Project 4: “Hyperconverged Home Lab with Distributed Storage” — Infrastructure / Distributed Systems
A 3-node cluster running Proxmox VE with Ceph storage, demonstrating VM high availability, live migration, and distributed storage—a mini enterprise HCI setup.
Quick Reference
| Attribute | Value |
|---|---|
| Primary Language | See main guide |
| Alternative Languages | N/A |
| Difficulty | Intermediate (but hardware-intensive) |
| Time Estimate | 1-2 weeks (plus hardware acquisition) |
| Knowledge Area | See main guide |
| Tooling | See main guide |
| Prerequisites | Basic Linux administration, networking fundamentals, 3 machines (can be VMs for learning, but physical preferred) |
What You Will Build
A 3-node cluster running Proxmox VE with Ceph storage, demonstrating VM high availability, live migration, and distributed storage—a mini enterprise HCI setup.
Why It Matters
This project builds core skills that appear repeatedly in real-world systems and tooling.
Core Challenges
- Setting up a Ceph cluster for distributed storage (maps to: software-defined storage)
- Configuring HA and fencing for automatic VM failover (maps to: cluster management)
- Implementing live migration and understanding its constraints (maps to: stateful workload mobility)
- Network design with VLANs and bonding (maps to: software-defined networking)
Key Concepts
-
Concept Resource - |———|———-|
-
Distributed storage (RADOS/Ceph) “Learning Ceph, 2nd Edition” Ch. 1-4 - Karan Singh -
Cluster consensus “Designing Data-Intensive Applications” Ch. 9 - Martin Kleppmann -
Live migration Proxmox documentation on live migration requirements -
Software-defined networking “Computer Networks, Fifth Edition” Ch. 5 - Tanenbaum & Wetherall
Real-World Outcome
# On Node 1 (pve-node1):
$ pvecm status
Cluster information
───────────────────
Name: homelab-hci
Config Version: 3
Transport: knet
Secure auth: on
Quorum information
──────────────────
Date: Sat Dec 28 14:32:18 2024
Quorum provider: corosync_votequorum
Nodes: 3
Node ID: 0x00000001
Ring ID: 1.8
Quorate: Yes ← Cluster has quorum!
Membership information
──────────────────────
Nodeid Votes Name
0x00000001 1 pve-node1 (local)
0x00000002 1 pve-node2
0x00000003 1 pve-node3
$ ceph status
cluster:
id: a1b2c3d4-e5f6-7890-abcd-ef1234567890
health: HEALTH_OK ← All good!
services:
mon: 3 daemons, quorum pve-node1,pve-node2,pve-node3 (age 2h)

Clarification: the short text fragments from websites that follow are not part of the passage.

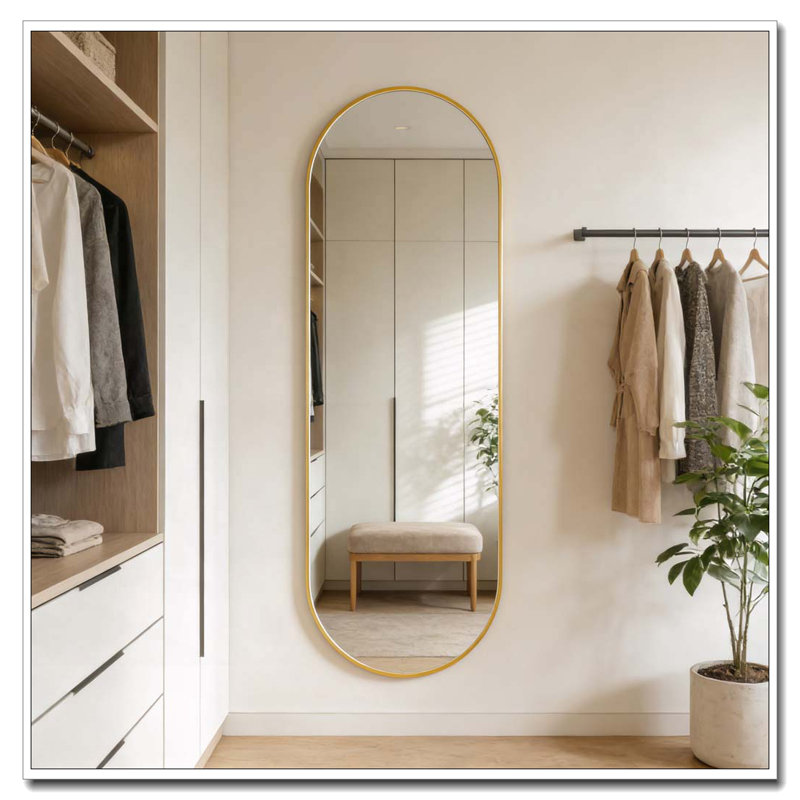 Miroir ovale 63 po x 20 po, Doré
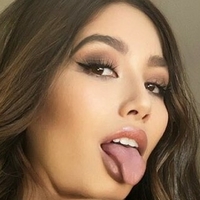 Dommmi Naken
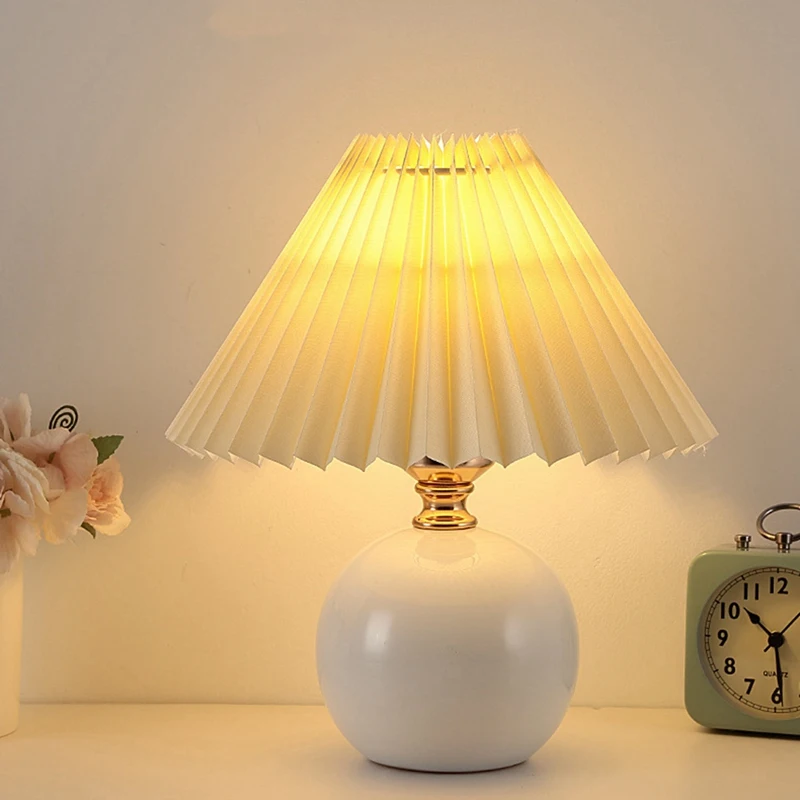 

USB Retro Pleated Bedside Lamp Table Cute Desk Lamp For Bedroom Girl Princess Bed Lamp Deco Ceramic Base LED Light Easy Install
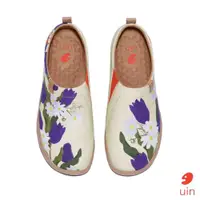 在飛比找ETMall東森購物網優惠-uin西班牙原創設計 女鞋 紫色鬱金香彩繪休閒鞋W10105
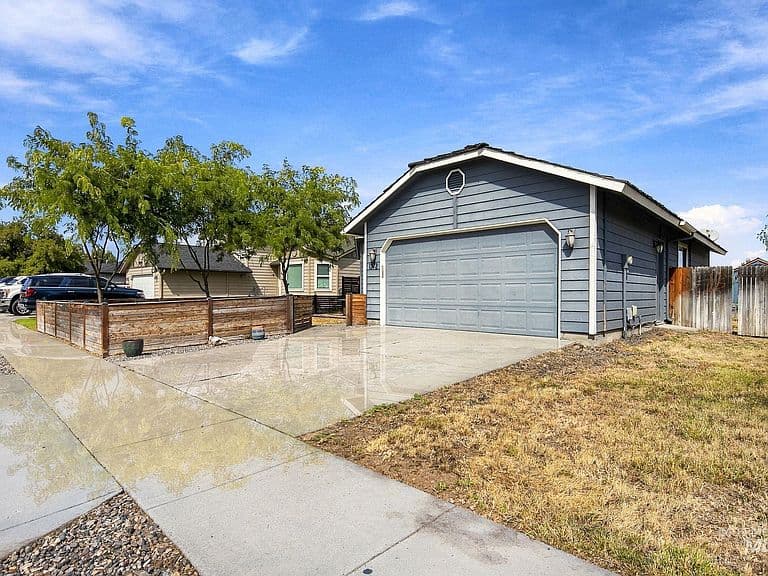 1372 W Crest Wood Dr photo 4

mgr: pve-node1(active, since 2h), standbys: pve-node2, pve-node3
osd: 9 osds: 9 up (since 2h), 9 in (since 2h)
data:
pools: 3 pools, 256 pgs
objects: 1.24k objects, 4.8 GiB
usage: 14.4 GiB used, 885.6 GiB / 900 GiB avail
pgs: 256 active+clean ← All data is healthy and replicated!
$ pvesm status
Name Type Status Total Used Available %
ceph-pool rbd active 900.00 GiB 14.40 GiB 885.60 GiB 1.60%
local dir active 100.00 GiB 25.30 GiB 74.70 GiB 25.30%
# Create VM on shared storage
$ qm create 100 --name web-server --memory 2048 --cores 2 \
--scsi0 ceph-pool:32,discard=on --net0 virtio,bridge=vmbr0 --boot c
$ qm start 100
Starting VM 100... done
$ qm status 100
status: running
ha-state: started
ha-managed: 1 ← HA is managing this VM!
node: pve-node1
pid: 12345
uptime: 42
# Perform live migration
$ qm migrate 100 pve-node2 --online
[Migration] Starting online migration of VM 100 to pve-node2
→ Precopy phase: iteratively copying memory pages
Pass 1: 2048 MB @ 1.2 GB/s (1.7s)
Pass 2: 145 MB @ 980 MB/s (0.15s) ← Dirty pages from pass 1
Pass 3: 12 MB @ 850 MB/s (0.01s) ← Converging!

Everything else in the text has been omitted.